** Opening GIVEN RECORDS block **
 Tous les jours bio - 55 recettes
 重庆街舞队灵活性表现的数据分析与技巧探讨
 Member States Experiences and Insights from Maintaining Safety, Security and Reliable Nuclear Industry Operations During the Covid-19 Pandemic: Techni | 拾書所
** Closing GIVEN RECORDS block **
** Opening GIVEN RECORDS block **
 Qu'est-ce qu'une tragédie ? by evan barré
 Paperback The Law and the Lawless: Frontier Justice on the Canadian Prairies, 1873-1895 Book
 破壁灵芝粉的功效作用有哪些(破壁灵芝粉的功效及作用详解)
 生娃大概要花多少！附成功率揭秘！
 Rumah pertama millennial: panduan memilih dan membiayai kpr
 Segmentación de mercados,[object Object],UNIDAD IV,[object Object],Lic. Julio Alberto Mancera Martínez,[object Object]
** Closing GIVEN RECORDS block **
** Opening GIVEN RECORDS block **
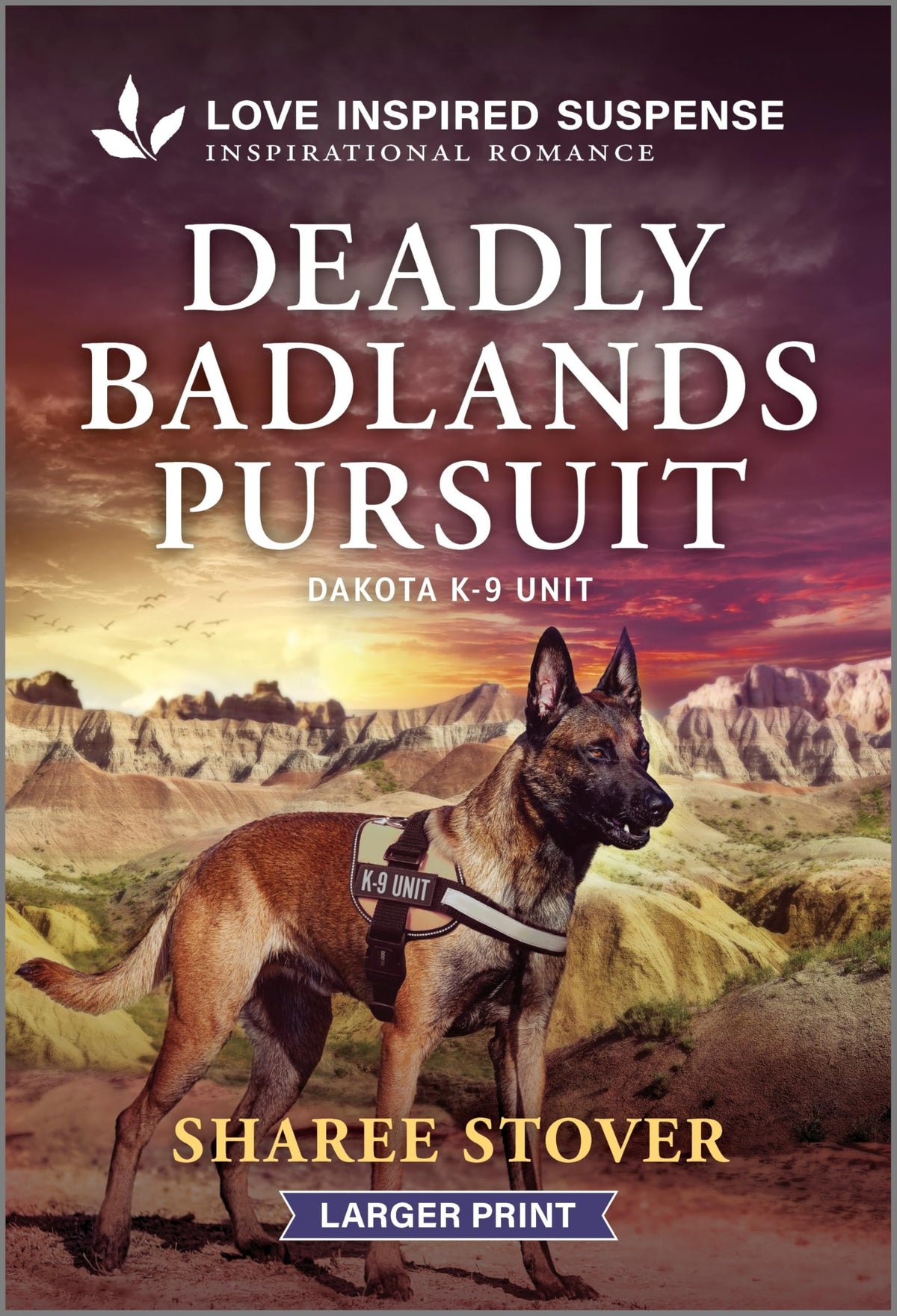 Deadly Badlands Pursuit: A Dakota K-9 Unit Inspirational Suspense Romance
** Closing GIVEN RECORDS block **
◆ **AIM OF THE TASK**: Taking the records above, retype every line from the one with "破壁灵芝粉的功效作用有哪些(破壁灵芝粉的功效及作用详解)" down to the one with "Segmentación de mercados,[object", exactly and with nothing else.

◆ **SOLUTION**:
 破壁灵芝粉的功效作用有哪些(破壁灵芝粉的功效及作用详解)
 生娃大概要花多少！附成功率揭秘！
 Rumah pertama millennial: panduan memilih dan membiayai kpr
 Segmentación de mercados,[object Object],UNIDAD IV,[object Object],Lic. Julio Alberto Mancera Martínez,[object Object]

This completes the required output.